Born March 18, 1945, in Toronto, Ontario, Canada; daughter of Leo H. and Anne Tepperman; married Warren Fielding (a lawyer), January 11, 1974; children: Shannon, Anne. Education: University of Toronto, B.A., 1966. Hobbies and other interests: Reading, tennis, swimming, movies, travel, bridge, golf.


Home—Toronto, Ontario, Canada; Palm Beach, FL. Office—Writer's Union of Canada, 24 Ryerson Ave., Toronto, Ontario M5T 2P3, Canada.


Writer. Previously worked as an actress, assistant social worker, substitute teacher, and bank teller.


Book of the Year award, Periodical Distributors of Canada, 1981, for Kiss Mommy Goodbye.


The Best of Friends, Putnam (New York, NY), 1972.

The Transformation, Playboy Press (Chicago, IL), 1976.

Trance, Playboy Press (Chicago, IL), 1977.

Kiss Mommy Goodbye, Doubleday (New York, NY), 1981.

The Other Woman, Doubleday (New York, NY), 1983.

Life Penalty, Doubleday (New York, NY), 1984.

The Deep End, Doubleday (New York, NY), 1986.

Good Intentions, Doubleday (New York, NY), 1989.

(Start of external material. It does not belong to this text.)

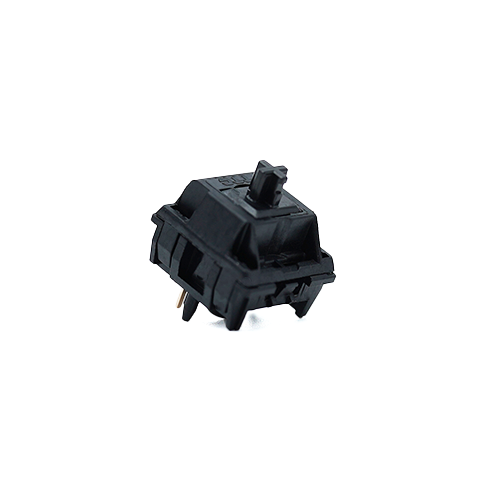 TTC P&T black Linear Switches (10PCS)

See Jane Run, Morrow (New York, NY), 1991.

Tell Me No Secrets, Morrow (New York, NY), 1993.

Don't Cry Now, Morrow (New York, NY), 1995.

Missing Pieces, Doubleday (New York, NY), 1997.

The First Time, Pocket Books (New York, NY), 2000.

Grand Avenue, Pocket Books (New York, NY), 2001.

Whispers and Lies, Atria Books (New York, NY), 2002.

Lost: A Novel, Atria Books (New York, NY), 2003.

Puppet, Atria Books (New York, NY), 2005.

Mad River Road, Simon & Schuster (New York, NY), 2006.

Heartstopper: A Novel, Atria Books (New York, NY), 2007.

Charley's Web: A Novel, Atria Books (New York, NY), 2008.

Also author of television plays Drifters and Open House, Canadian Broadcasting Company (CBC); former book reviewer for Toronto Star, Globe and Mail, and CBC's The Journal and The Radio Show with Jack Faar; contributor of articles and short stories to publications in Canada, the United States, and England.


See Jane Run was made into a television Movie broadcast by the American Broadcasting Company (ABC), 1995.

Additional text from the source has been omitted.